Why might you recommend MSE to students considering a graduate program in science and engineering?
I think the MSE program is perfect for multidisciplinary study. Since beginning research I have been able to do chemical engineering, organic chemistry, biomolecular and material characterization geared work all under the MSE umbrella. In choosing a particular program I knew I wanted to have access to all the disciplines available here so that I could do research with wide ranging applications that would be useful to more than just those in a very small area of study. By having connections through the MSE program all over campus, I am able to reach out to other professors in disciplines I am not as familiar with to do collaborative work, allowing me to go further with my research.
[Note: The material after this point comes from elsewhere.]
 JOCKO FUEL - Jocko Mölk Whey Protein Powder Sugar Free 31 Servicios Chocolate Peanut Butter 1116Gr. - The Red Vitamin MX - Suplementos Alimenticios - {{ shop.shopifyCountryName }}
Where might you want to go next?
For the longest time, I have been interested in continuing research after I finish my PhD. Whether this leads me to working in a lab or in academia I am not sure, but I have always loved teaching and interacting with students which might push me closer to academia. At this point I know my PhD won’t close any doors for me and I thankfully still have a fair amount of time to figure out what my exact path will be.
What do you do for fun or in your spare time?
Boulder is an amazing place to have spare time when you can find it as a grad student! I am definitely an ‘outdoorsy’ person — and most of the time I spend outside I spend with my dog. Before moving to Colorado, I was an avid hiker and I have continued that since moving here, starting easy with some hikes right out of some local parks and then moving to some 14’ers and overnight range hikes. Between hikes, I also really enjoy running and have gotten involved with the club crew team here at CU so that I can continue rowing, which is something I did at my undergrad university.
Aside from being outdoors, I also really enjoy cooking and baking, two things that really fed my love of chemistry and that I wind up doing daily as a means of stepping out of my research completely. This is also true of reading — I always have at least one book I’m in the middle of because I find them to be a way to slow down and achieve the total gear switch for my brain that allows me to return to research the next day with an excitement to ask the next set of questions.
What is your favorite film(s), book(s), sport(s) or other media-related interests, and why? Do your interests in art, literature, and cinema have an influence on your research and goals as a materials scientist?
I love reading books that take me into the world of the main characters — for this reason I don’t have a favorite author or series. More often than not I find myself drawn to science fiction, historical fiction, adventure or old mystery novels because of the descriptions these books offer early on that allow me to immerse myself in the story. Some of the books that I could always pick up and read at any time include The Hobbit, Ringworld and One Second After — all very different novels but all written in such a way that I as a reader have most of the details but my imagination is left open to build elements of the story on my own.
I think that my interests in literature, wanting to have the ability to expand my imagination and test the limits of the world I can create in my mind with only the words of an author, does reflect my work as a researcher. Constantly in research you have to be able to ask the new questions and push past the invisible boundaries to imagine what could be so that new discoveries can be made, big or small. You may know what the overall goal of your research topic is but you have to fill in all the pieces along the way, kind of like how I picture a book as a template for the story that you get to create in your mind.